» **Directions for this task**: Each record must be repeated exactly as it stands.

» **Given records**:
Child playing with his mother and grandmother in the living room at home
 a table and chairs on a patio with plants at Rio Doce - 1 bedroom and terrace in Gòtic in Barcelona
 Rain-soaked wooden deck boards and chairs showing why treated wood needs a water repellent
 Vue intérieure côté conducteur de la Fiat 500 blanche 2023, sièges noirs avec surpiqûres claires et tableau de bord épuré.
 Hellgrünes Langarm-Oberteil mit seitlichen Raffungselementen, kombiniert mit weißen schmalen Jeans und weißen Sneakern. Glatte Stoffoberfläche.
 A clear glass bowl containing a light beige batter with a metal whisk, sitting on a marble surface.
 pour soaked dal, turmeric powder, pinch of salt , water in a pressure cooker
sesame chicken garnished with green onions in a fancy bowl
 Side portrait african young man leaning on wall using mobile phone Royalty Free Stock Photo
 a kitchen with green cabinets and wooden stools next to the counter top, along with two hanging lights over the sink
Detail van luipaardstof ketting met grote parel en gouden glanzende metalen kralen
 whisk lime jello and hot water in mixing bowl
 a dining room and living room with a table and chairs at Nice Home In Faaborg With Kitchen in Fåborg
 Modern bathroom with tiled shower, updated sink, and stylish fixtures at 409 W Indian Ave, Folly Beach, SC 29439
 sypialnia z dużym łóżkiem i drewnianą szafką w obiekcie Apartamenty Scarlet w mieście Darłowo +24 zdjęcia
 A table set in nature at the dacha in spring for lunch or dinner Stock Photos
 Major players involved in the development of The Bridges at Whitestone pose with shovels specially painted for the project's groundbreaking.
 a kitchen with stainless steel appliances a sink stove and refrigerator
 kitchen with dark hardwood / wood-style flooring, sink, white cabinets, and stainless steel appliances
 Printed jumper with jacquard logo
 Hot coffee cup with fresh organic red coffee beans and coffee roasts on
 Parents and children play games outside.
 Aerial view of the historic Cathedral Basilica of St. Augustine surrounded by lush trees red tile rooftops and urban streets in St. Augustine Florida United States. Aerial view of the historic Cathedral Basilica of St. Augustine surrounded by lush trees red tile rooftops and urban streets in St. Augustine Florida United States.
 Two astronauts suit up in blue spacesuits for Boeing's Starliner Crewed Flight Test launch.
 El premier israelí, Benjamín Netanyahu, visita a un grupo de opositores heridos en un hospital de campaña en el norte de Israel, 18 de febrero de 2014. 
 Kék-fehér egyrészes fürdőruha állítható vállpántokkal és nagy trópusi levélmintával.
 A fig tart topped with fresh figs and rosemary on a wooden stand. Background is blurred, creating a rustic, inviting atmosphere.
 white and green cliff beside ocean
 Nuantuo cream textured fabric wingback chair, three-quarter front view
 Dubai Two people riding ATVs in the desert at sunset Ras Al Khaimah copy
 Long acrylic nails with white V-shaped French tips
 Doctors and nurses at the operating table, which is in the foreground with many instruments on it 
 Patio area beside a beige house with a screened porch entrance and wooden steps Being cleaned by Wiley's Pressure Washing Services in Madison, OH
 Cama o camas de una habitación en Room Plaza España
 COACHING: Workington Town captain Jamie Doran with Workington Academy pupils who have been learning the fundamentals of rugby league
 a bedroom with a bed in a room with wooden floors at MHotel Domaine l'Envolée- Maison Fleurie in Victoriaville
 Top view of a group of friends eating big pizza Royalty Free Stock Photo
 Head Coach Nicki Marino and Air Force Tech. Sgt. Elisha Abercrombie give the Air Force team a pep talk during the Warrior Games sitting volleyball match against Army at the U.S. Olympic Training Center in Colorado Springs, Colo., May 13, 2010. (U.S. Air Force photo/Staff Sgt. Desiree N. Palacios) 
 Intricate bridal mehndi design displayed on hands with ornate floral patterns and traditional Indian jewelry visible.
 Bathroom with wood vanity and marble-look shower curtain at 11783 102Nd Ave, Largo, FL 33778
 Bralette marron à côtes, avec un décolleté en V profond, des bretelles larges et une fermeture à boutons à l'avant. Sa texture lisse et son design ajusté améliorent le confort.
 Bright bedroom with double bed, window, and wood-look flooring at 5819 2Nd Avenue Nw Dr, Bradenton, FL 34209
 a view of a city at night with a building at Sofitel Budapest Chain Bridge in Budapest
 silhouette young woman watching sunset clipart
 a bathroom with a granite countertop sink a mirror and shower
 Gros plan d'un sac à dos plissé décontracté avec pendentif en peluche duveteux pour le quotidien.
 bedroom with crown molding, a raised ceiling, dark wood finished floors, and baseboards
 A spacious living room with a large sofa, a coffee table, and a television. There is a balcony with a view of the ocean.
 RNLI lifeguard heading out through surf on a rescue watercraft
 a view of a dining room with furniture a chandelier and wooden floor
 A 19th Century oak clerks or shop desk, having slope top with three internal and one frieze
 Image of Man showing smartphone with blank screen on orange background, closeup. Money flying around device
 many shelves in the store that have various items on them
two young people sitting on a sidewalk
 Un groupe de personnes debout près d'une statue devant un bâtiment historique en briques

» **Exercise solution**:
Child playing with his mother and grandmother in the living room at home
 a table and chairs on a patio with plants at Rio Doce - 1 bedroom and terrace in Gòtic in Barcelona
 Rain-soaked wooden deck boards and chairs showing why treated wood needs a water repellent
 Vue intérieure côté conducteur de la Fiat 500 blanche 2023, sièges noirs avec surpiqûres claires et tableau de bord épuré.
 Hellgrünes Langarm-Oberteil mit seitlichen Raffungselementen, kombiniert mit weißen schmalen Jeans und weißen Sneakern. Glatte Stoffoberfläche.
 A clear glass bowl containing a light beige batter with a metal whisk, sitting on a marble surface.
 pour soaked dal, turmeric powder, pinch of salt , water in a pressure cooker
sesame chicken garnished with green onions in a fancy bowl
 Side portrait african young man leaning on wall using mobile phone Royalty Free Stock Photo
 a kitchen with green cabinets and wooden stools next to the counter top, along with two hanging lights over the sink
Detail van luipaardstof ketting met grote parel en gouden glanzende metalen kralen
 whisk lime jello and hot water in mixing bowl
 a dining room and living room with a table and chairs at Nice Home In Faaborg With Kitchen in Fåborg
 Modern bathroom with tiled shower, updated sink, and stylish fixtures at 409 W Indian Ave, Folly Beach, SC 29439
 sypialnia z dużym łóżkiem i drewnianą szafką w obiekcie Apartamenty Scarlet w mieście Darłowo +24 zdjęcia
 A table set in nature at the dacha in spring for lunch or dinner Stock Photos
 Major players involved in the development of The Bridges at Whitestone pose with shovels specially painted for the project's groundbreaking.
 a kitchen with stainless steel appliances a sink stove and refrigerator
 kitchen with dark hardwood / wood-style flooring, sink, white cabinets, and stainless steel appliances
 Printed jumper with jacquard logo
 Hot coffee cup with fresh organic red coffee beans and coffee roasts on
 Parents and children play games outside.
 Aerial view of the historic Cathedral Basilica of St. Augustine surrounded by lush trees red tile rooftops and urban streets in St. Augustine Florida United States. Aerial view of the historic Cathedral Basilica of St. Augustine surrounded by lush trees red tile rooftops and urban streets in St. Augustine Florida United States.
 Two astronauts suit up in blue spacesuits for Boeing's Starliner Crewed Flight Test launch.
 El premier israelí, Benjamín Netanyahu, visita a un grupo de opositores heridos en un hospital de campaña en el norte de Israel, 18 de febrero de 2014. 
 Kék-fehér egyrészes fürdőruha állítható vállpántokkal és nagy trópusi levélmintával.
 A fig tart topped with fresh figs and rosemary on a wooden stand. Background is blurred, creating a rustic, inviting atmosphere.
 white and green cliff beside ocean
 Nuantuo cream textured fabric wingback chair, three-quarter front view
 Dubai Two people riding ATVs in the desert at sunset Ras Al Khaimah copy
 Long acrylic nails with white V-shaped French tips
 Doctors and nurses at the operating table, which is in the foreground with many instruments on it 
 Patio area beside a beige house with a screened porch entrance and wooden steps Being cleaned by Wiley's Pressure Washing Services in Madison, OH
 Cama o camas de una habitación en Room Plaza España
 COACHING: Workington Town captain Jamie Doran with Workington Academy pupils who have been learning the fundamentals of rugby league
 a bedroom with a bed in a room with wooden floors at MHotel Domaine l'Envolée- Maison Fleurie in Victoriaville
 Top view of a group of friends eating big pizza Royalty Free Stock Photo
 Head Coach Nicki Marino and Air Force Tech. Sgt. Elisha Abercrombie give the Air Force team a pep talk during the Warrior Games sitting volleyball match against Army at the U.S. Olympic Training Center in Colorado Springs, Colo., May 13, 2010. (U.S. Air Force photo/Staff Sgt. Desiree N. Palacios) 
 Intricate bridal mehndi design displayed on hands with ornate floral patterns and traditional Indian jewelry visible.
 Bathroom with wood vanity and marble-look shower curtain at 11783 102Nd Ave, Largo, FL 33778
 Bralette marron à côtes, avec un décolleté en V profond, des bretelles larges et une fermeture à boutons à l'avant. Sa texture lisse et son design ajusté améliorent le confort.
 Bright bedroom with double bed, window, and wood-look flooring at 5819 2Nd Avenue Nw Dr, Bradenton, FL 34209
 a view of a city at night with a building at Sofitel Budapest Chain Bridge in Budapest
 silhouette young woman watching sunset clipart
 a bathroom with a granite countertop sink a mirror and shower
 Gros plan d'un sac à dos plissé décontracté avec pendentif en peluche duveteux pour le quotidien.
 bedroom with crown molding, a raised ceiling, dark wood finished floors, and baseboards
 A spacious living room with a large sofa, a coffee table, and a television. There is a balcony with a view of the ocean.
 RNLI lifeguard heading out through surf on a rescue watercraft
 a view of a dining room with furniture a chandelier and wooden floor
 A 19th Century oak clerks or shop desk, having slope top with three internal and one frieze
 Image of Man showing smartphone with blank screen on orange background, closeup. Money flying around device
 many shelves in the store that have various items on them
two young people sitting on a sidewalk
 Un groupe de personnes debout près d'une statue devant un bâtiment historique en briques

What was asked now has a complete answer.